Exercise description >> When you copy the entries, match them exactly and omit the pictures.

= = = = =

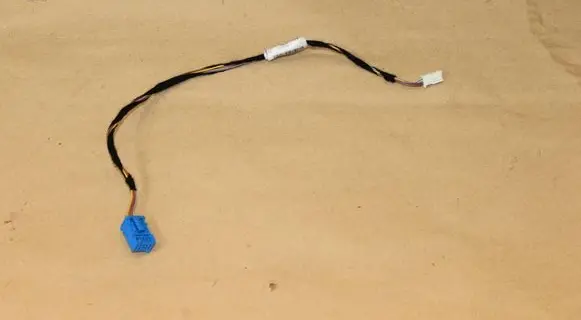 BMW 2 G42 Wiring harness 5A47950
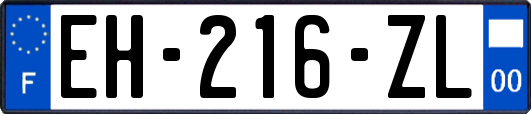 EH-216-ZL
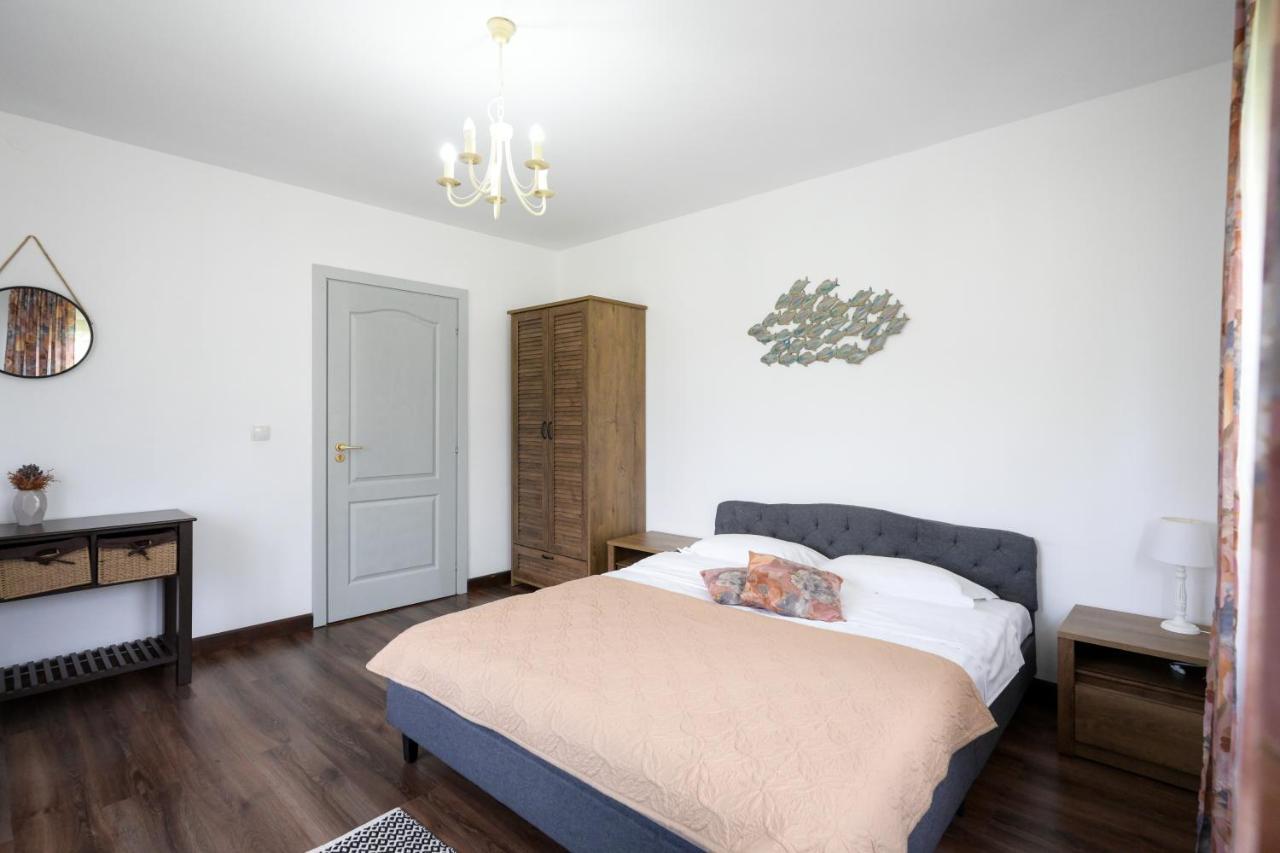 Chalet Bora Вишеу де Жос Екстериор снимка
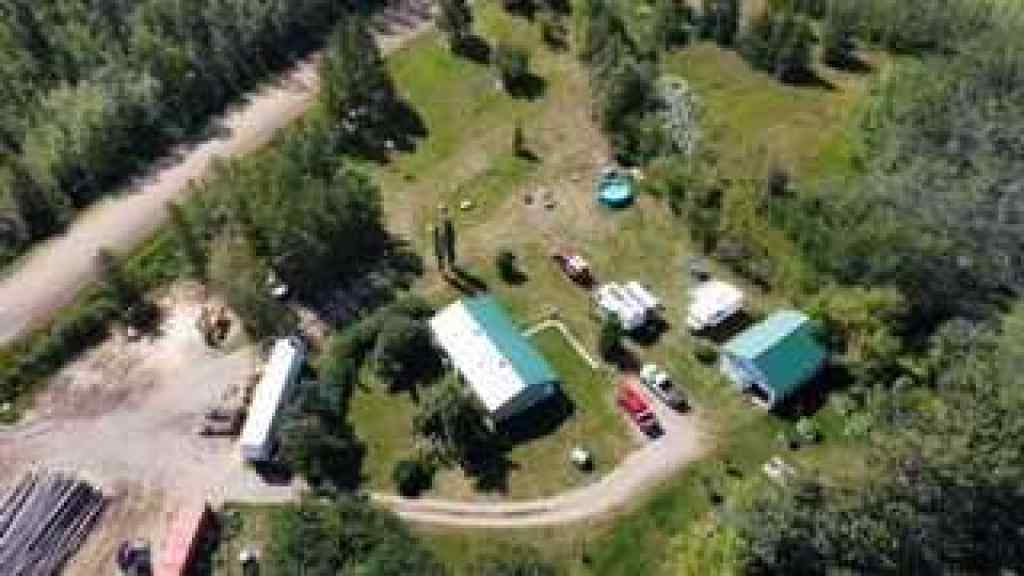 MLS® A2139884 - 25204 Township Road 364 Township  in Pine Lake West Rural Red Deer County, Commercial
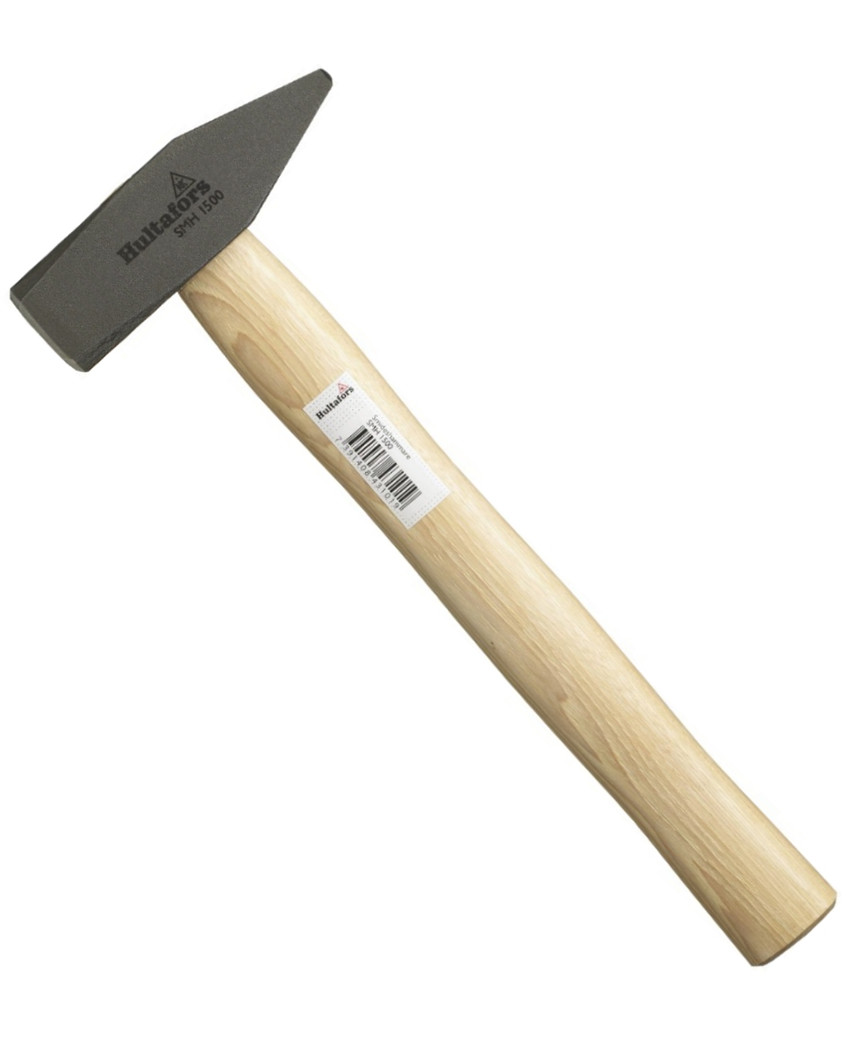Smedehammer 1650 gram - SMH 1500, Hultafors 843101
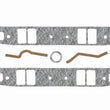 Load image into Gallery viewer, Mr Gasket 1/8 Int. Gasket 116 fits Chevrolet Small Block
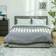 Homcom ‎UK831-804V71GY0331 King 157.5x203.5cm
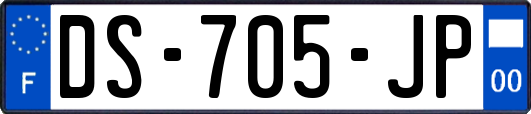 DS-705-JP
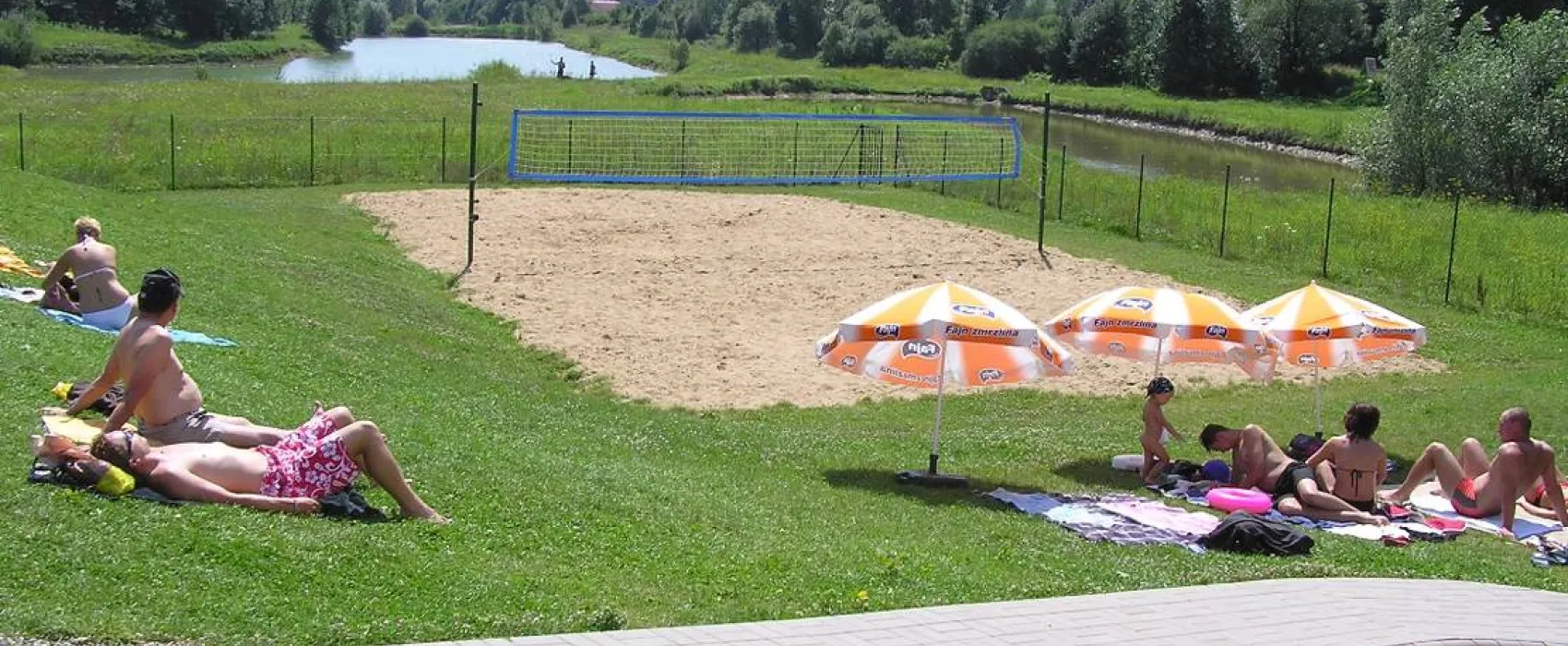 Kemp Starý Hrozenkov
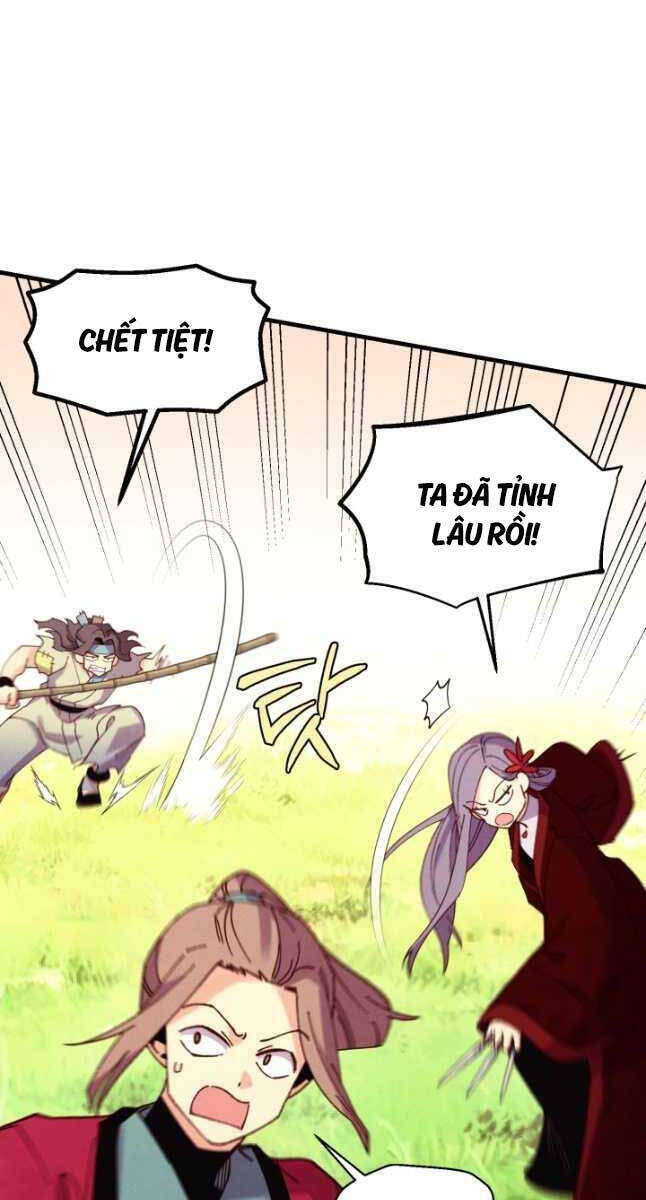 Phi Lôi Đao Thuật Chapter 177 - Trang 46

= = = = =

Written answer >>
 BMW 2 G42 Wiring harness 5A47950
 EH-216-ZL
 Chalet Bora Вишеу де Жос Екстериор снимка
 MLS® A2139884 - 25204 Township Road 364 Township  in Pine Lake West Rural Red Deer County, Commercial
Smedehammer 1650 gram - SMH 1500, Hultafors 843101
 Load image into Gallery viewer, Mr Gasket 1/8 Int. Gasket 116 fits Chevrolet Small Block
 Homcom ‎UK831-804V71GY0331 King 157.5x203.5cm
 DS-705-JP
 Kemp Starý Hrozenkov
 Phi Lôi Đao Thuật Chapter 177 - Trang 46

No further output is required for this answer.